Spartans Women
- Full name: Spartans Football Club Women's and Girl's
- Founded: 1985 (as Hailes United)
- Ground: Ainslie Park
- Capacity: 3,000 (504 seated)
- Chairman: Craig Graham
- Manager: Jack Beesley
- League: SWPL 1
- 2025-26: SWPL 2, 1st (Champions)
- Website: http://www.spartansfcwomen.com/
| Home colours | Away colours |

= Spartans W.F.C. =

Women's football team in Edinburgh, Scotland

Spartans Football Club Women's and Girl's is a women's football team that plays in the SWPL 2, the second tier of football in Scotland. Spartans F.C. Women is part of Spartans F.C. in North Edinburgh and play and train at the club's training facilities.

==History==
Founded in 1985, the club was known as Hailes United, Edinburgh Star, Tynecastle, Bonnyrigg Rose and Whitehill Welfare over the first twenty years of its existence. While operating as Whitehill Welfare the club was promoted to the Scottish Women's Premier League in 2004. After two seasons as Edinburgh Ladies in 2006–07 and 2007–08, the club came under the auspices of East of Scotland Football League club Spartans F.C. in 2008 and adopted their current name.

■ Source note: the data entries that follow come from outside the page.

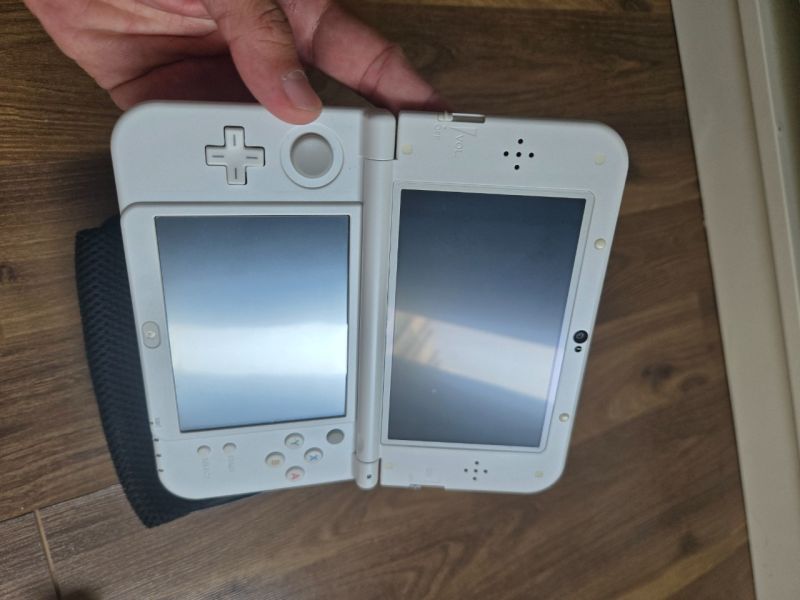 New Nintendo 3DS Pearl White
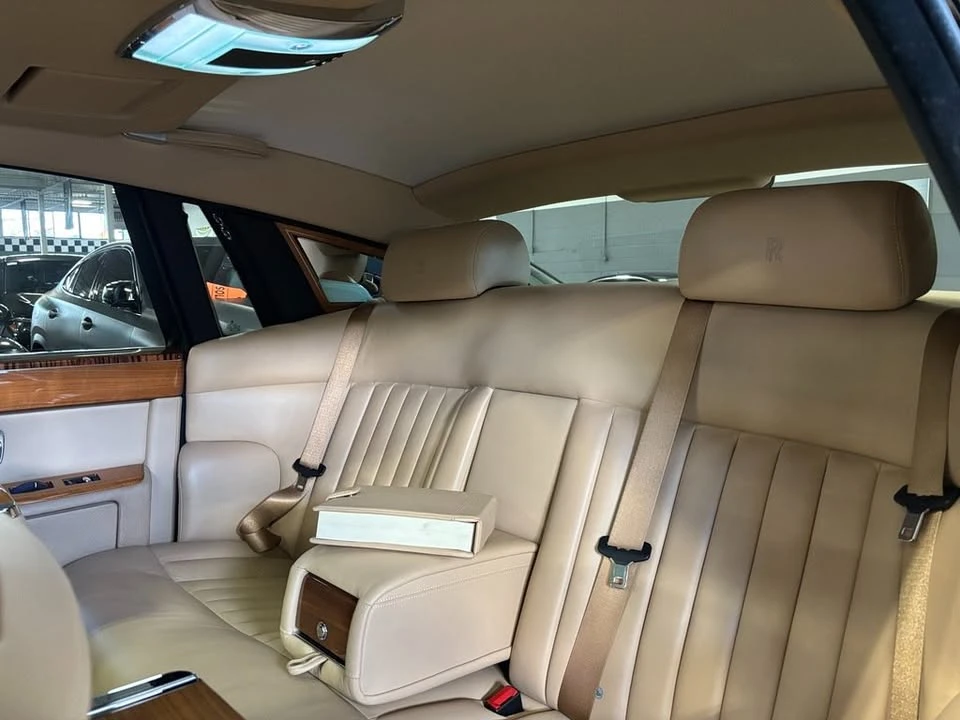 2010 Rolls-Royce Phantom VII - Image 15 of 20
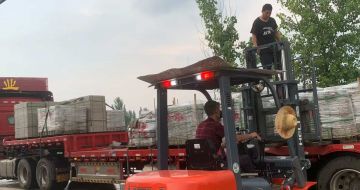 永州 黄金麻冰裂纹，地铺石装车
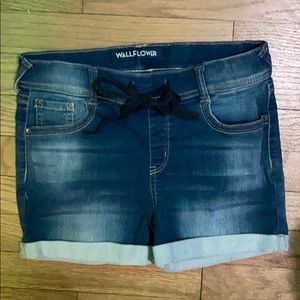 wall flower jean shorts w/ a tie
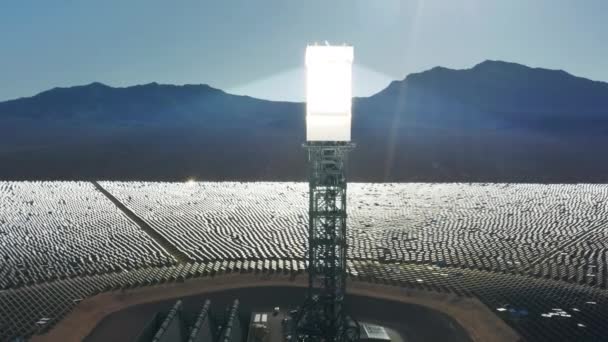 Кинематографический вид на высокую солнечную башню с огромными зеркальными панелями, накапливающимися солнечными лучами — стоковое видео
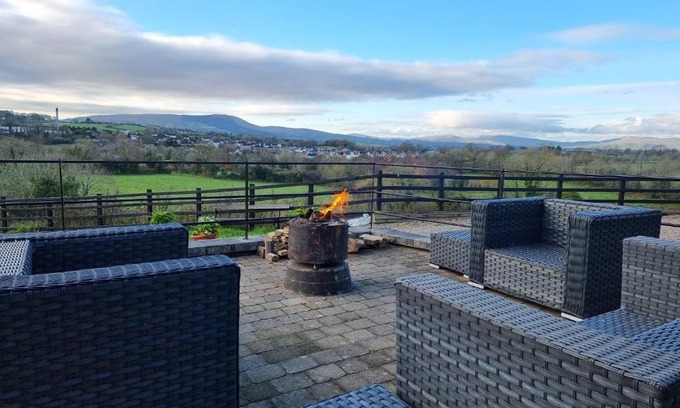 Magherafelt Casa | Sperrinview House - Lovely Retreat Sleeps 8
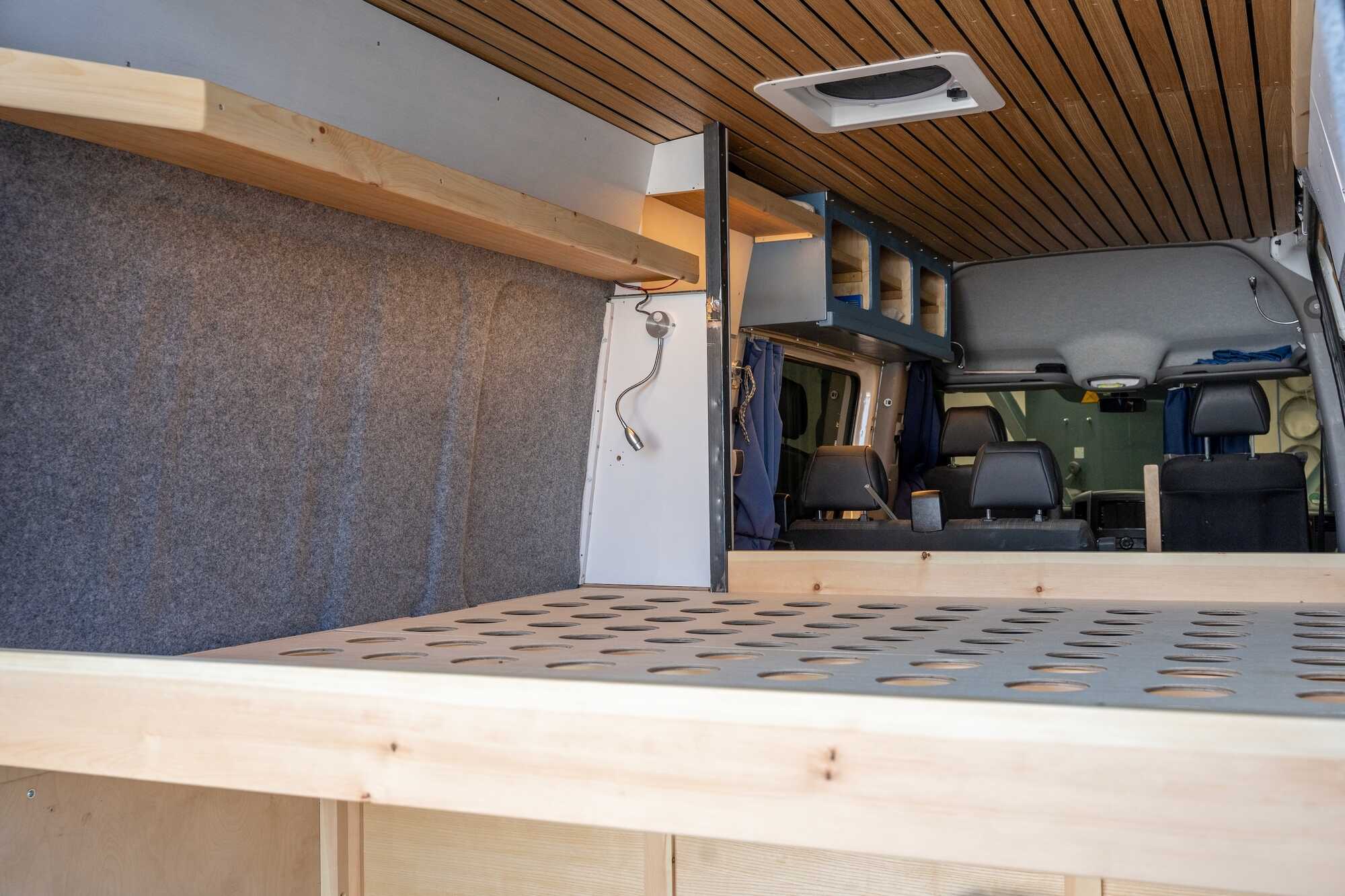 Bett und Regal aus Zirbenholz im Mercedes Sprinter Camper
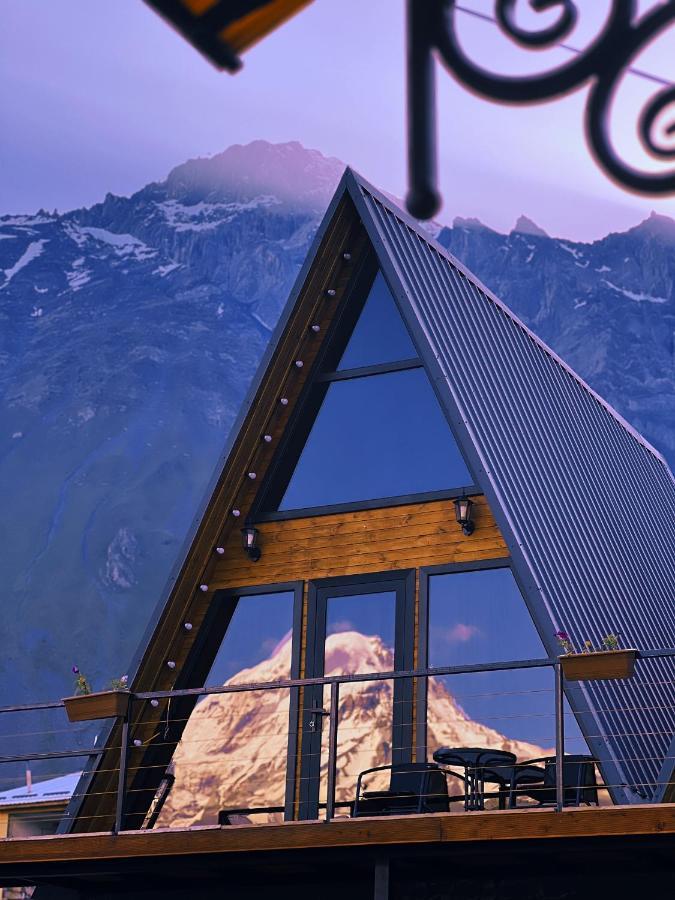 Pyramid Kazbegi Hotel Ngoại thất bức ảnh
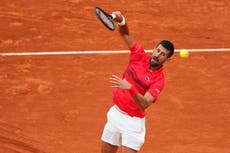 Djokovic vence a Moutet a pesar de descanso médico por una ampolla en el pie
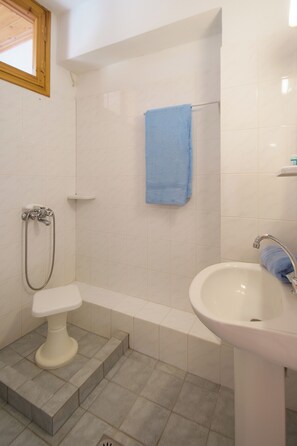 Bathroom - angela studios (Skiathos)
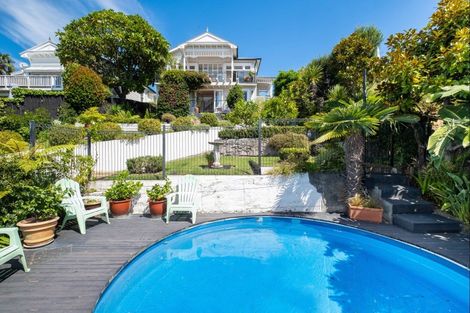 Photo of property in 11 Lincoln Road, Bluff Hill, Napier, 4110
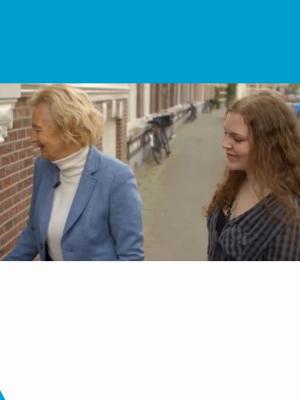 Twee dames lopen naast elkaar.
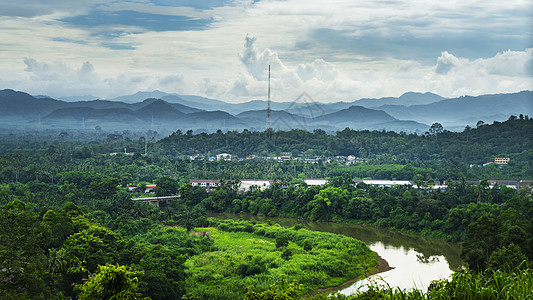 森林防护泰国春蓬阴雨天气下的森林城镇背景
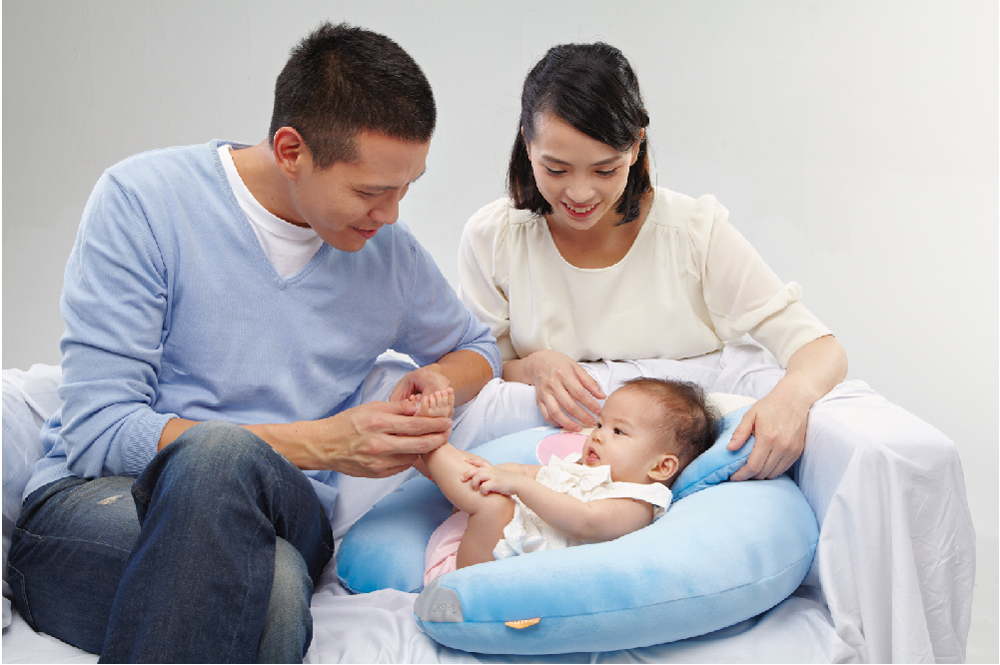 寶寶躺在授乳枕上面親子互動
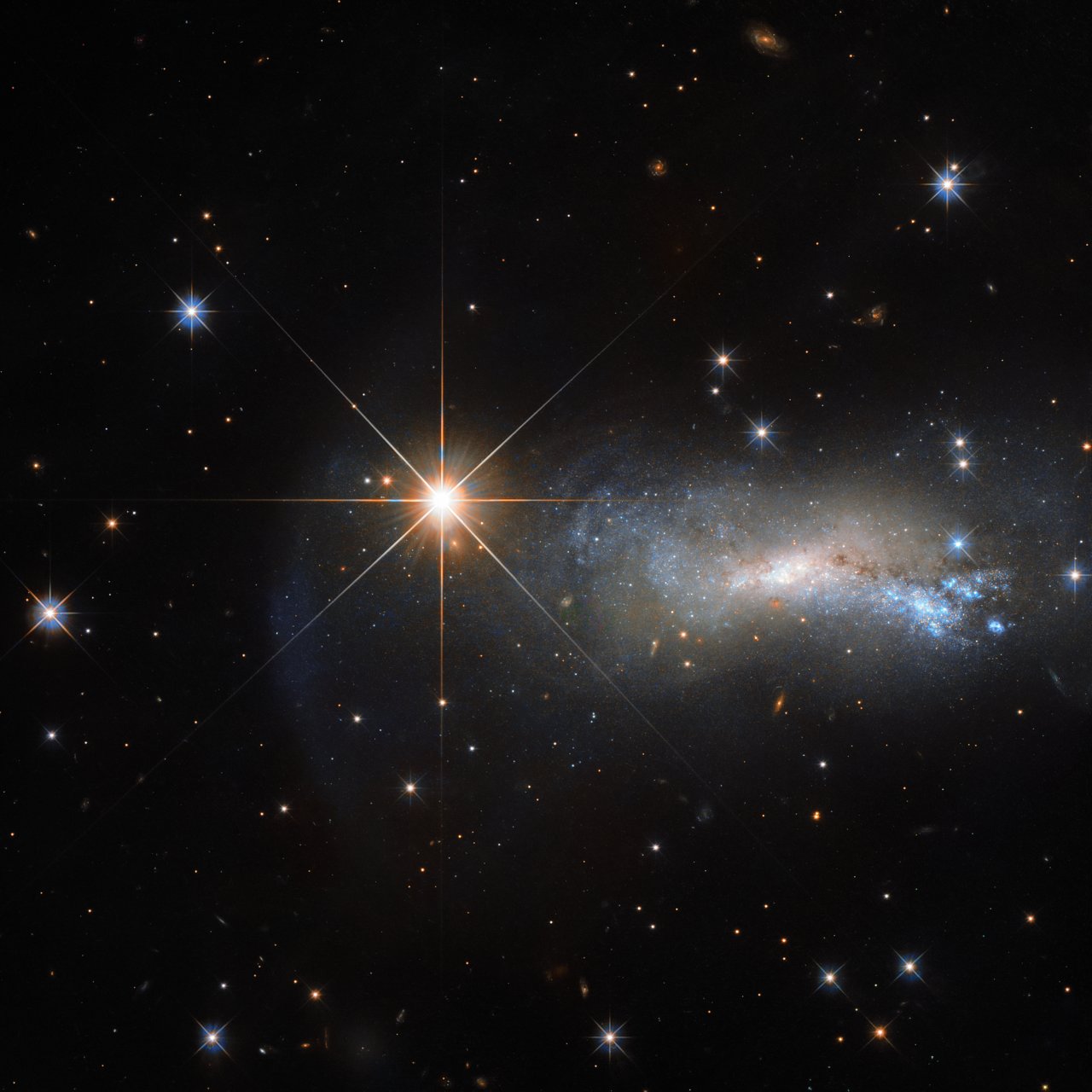 «Хаббл» сфотографировал сверхяркую галактику и затмившую ее звезду
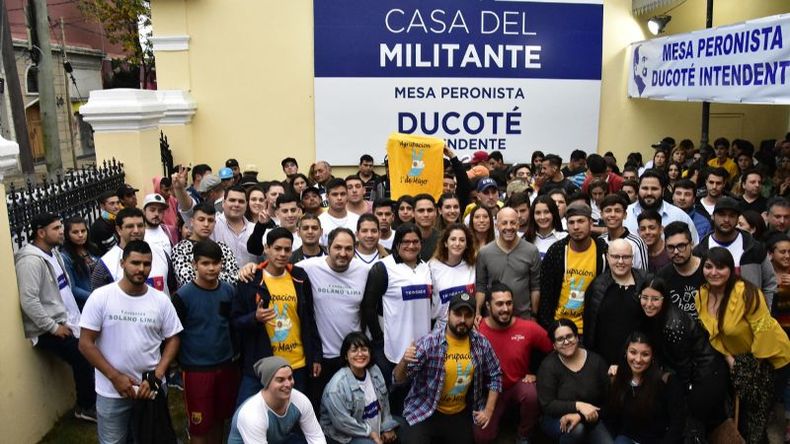 JUVENTUD. Ducoté en el medio de jóvenes que apoyan su candidatura..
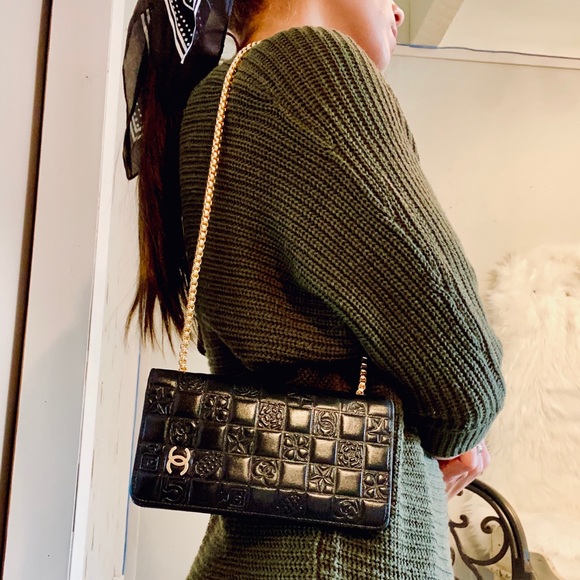 SOLD 🖤 - Picture 2 of 15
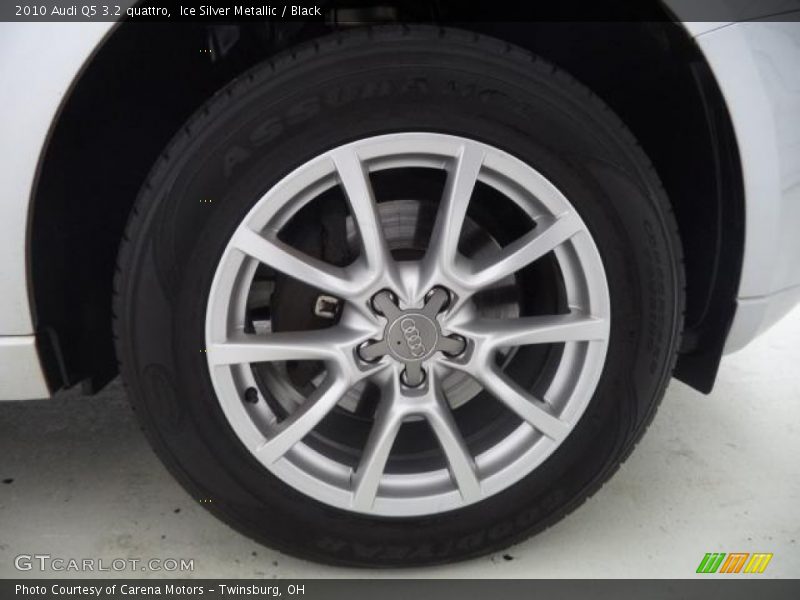 Ice Silver Metallic / Black 2010 Audi Q5 3.2 quattro
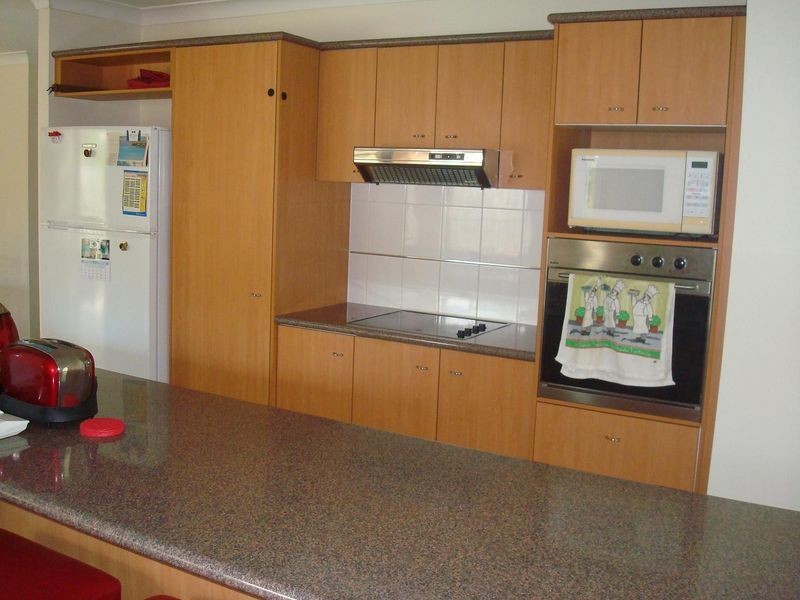 12 Greensborough Crescent, Parkwood QLD 4214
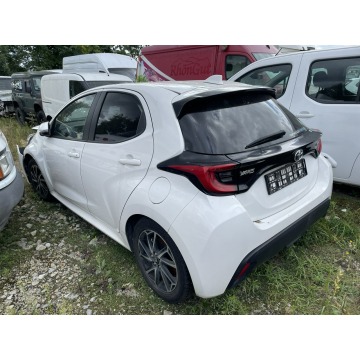 Toyota Yaris  Hatchback 2023,  1.5 hybryda, automat - Na sprzedaż za 34 000 zł - Syców - zdjęcie 11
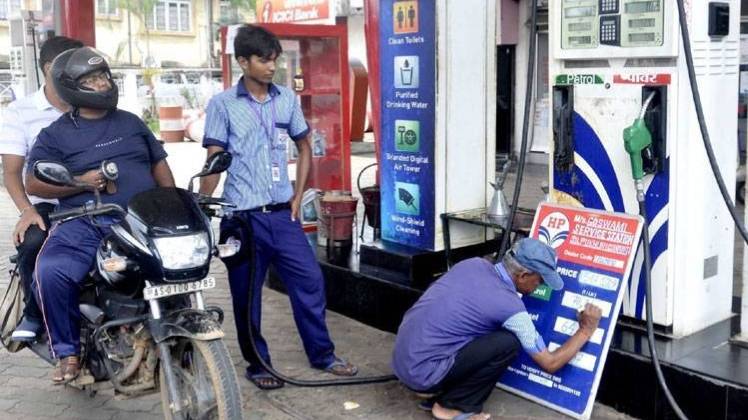 पेट्रोल की बिक्री में 17.6 प्रतिशत की गिरावट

Having won the Scottish Women's Premier League Cup as Edinburgh Ladies in 2006–07, Spartans lost a further five League Cup finals in 2008–09, 2010, 2011, 2012 and 2013 as well as the final of the 2014 Scottish Women's Cup, all by heavy margins and at the hands of Glasgow City on four of the six occasions. They finished as Premier League runners-up behind Glasgow City in 2008–09 and 2011.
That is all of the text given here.